Charlotte giving $2,500 residency incentive to officers who live in the city

Charlotte giving $2,500 residency incentive to officers who live in the city

CHARLOTTE, NC (WBTV) - Charlotte city officials would like to see Charlotte-Mecklenburg Police (CMPD) increase its visibility in neighborhoods by having more officers live in the city. To do that, the city is giving a one-time $2500 residency incentive to each officer who lives in Charlotte.

"It's huge. It's a big deal and we hope that it can attract more qualified people as well," said Chief Kerr Putney. "Here's what I've been hearing for four years now from council members and community members: they want to make sure we have empathetic officers who appreciate our city and no better to do that than to incentivize us to live there. It can't be us against them. It has to be all of we and a part of that is giving them $2,500 over two years, so 1,250 per year for the first two years that they establish residency here in our city to become truly a part of the fabric of our city."

CMPD says that so far, about 500 officers are eligible.

Chief Putney says he pushed for the incentive because people in neighborhoods say they want officers to be a part of the community.

"It's something that they expect," said Chief Putney. "Something that they want. I think there's some intrinsic value in it because you're not policing and occupying a community. You're actually a part of it."

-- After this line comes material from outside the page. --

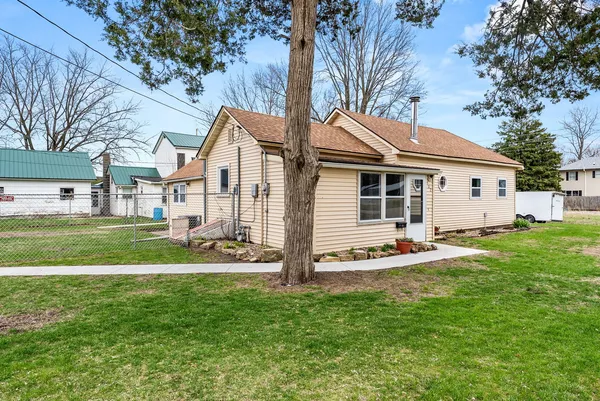 a front view of house with yard and green space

Some officers told WBTV the reasons vary why some live outside of Charlotte - from cost of living to taxes to personal safety and anonymity.

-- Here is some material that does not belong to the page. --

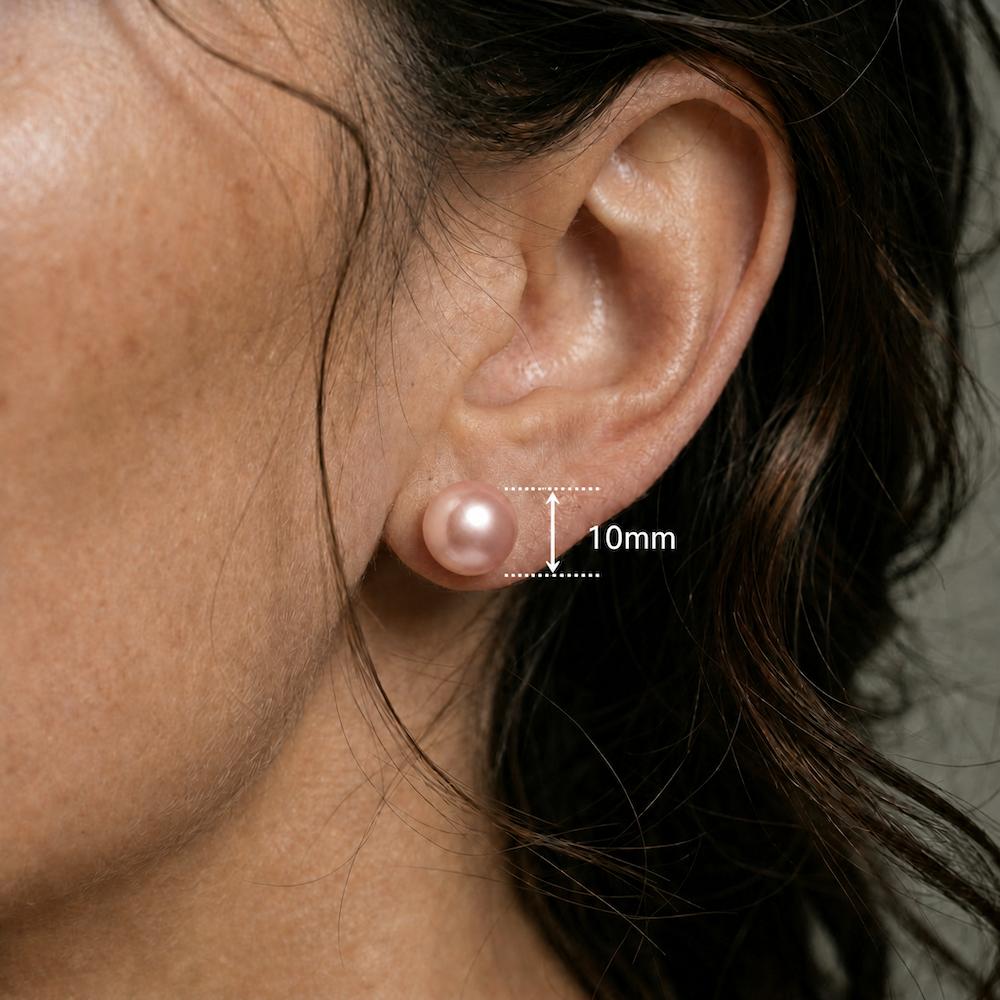 Close ear image showing the matching pink round stud with only a 10mm measurement label.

Charlotte-Mecklenburg Fraternal Order of Police says they believe it's a "beneficial program for officers who qualify" but they "hope that in the future that the department would consider Sergeants into the program."

Officer Sirlena June, who joined the department in 2015, lives in Charlotte.

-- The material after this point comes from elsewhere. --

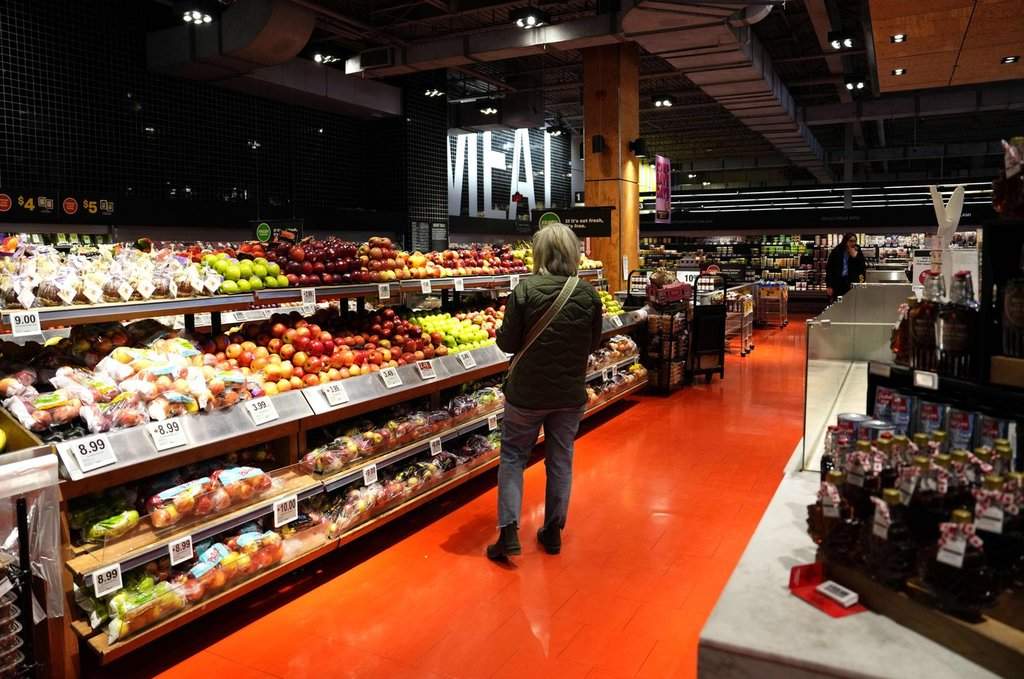 A customer looks for produce at a grocery store in Ottawa, on Wednesday, April 2, 2025.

"It just happened that we found a house that we liked," said Officer June. "And it was our first home - starter home and we just ended up staying in Charlotte. We didn't think to move outside of the city."

She says she doesn't patrol her neighborhood.

"I mean my neighbors know what I do but they really don't know what I do because I don't patrol there and they don't see me in my uniform on a regular basis other than possibly running out of my house to get in my car to come to work."

But she likes working and living in the same city.

"This is where you live. This is where you patrol and you want to take care of it," said Officer June. "And make sure – I don't want to say up to par – but it's a nice environment that everybody is living in so you want to keep it clean."

She added, "Keep it crime-free as much as possible. So yeah, I definitely take ownership of being here and wanting it to be a nice place to bring my family that is out of town to come and visit, that they feel OK coming here and not like, 'oh gosh, we're not going there, there is too much crime.'"

Still, Officer June says it's not always easy.

"There has been times when someone you've either arrested or either had some encounter with – they stop and they're like – Officer June and you're like who are you?" she said. "I'm not going to say you're always on alert but you're always watching yourself like who is here. Who is there? Who is coming around? Do I remember this person? But you see so many people you can't remember all the faces."

For her - living and patrolling in Charlotte works.

"Yeah because you want to take care of it," said Officer June.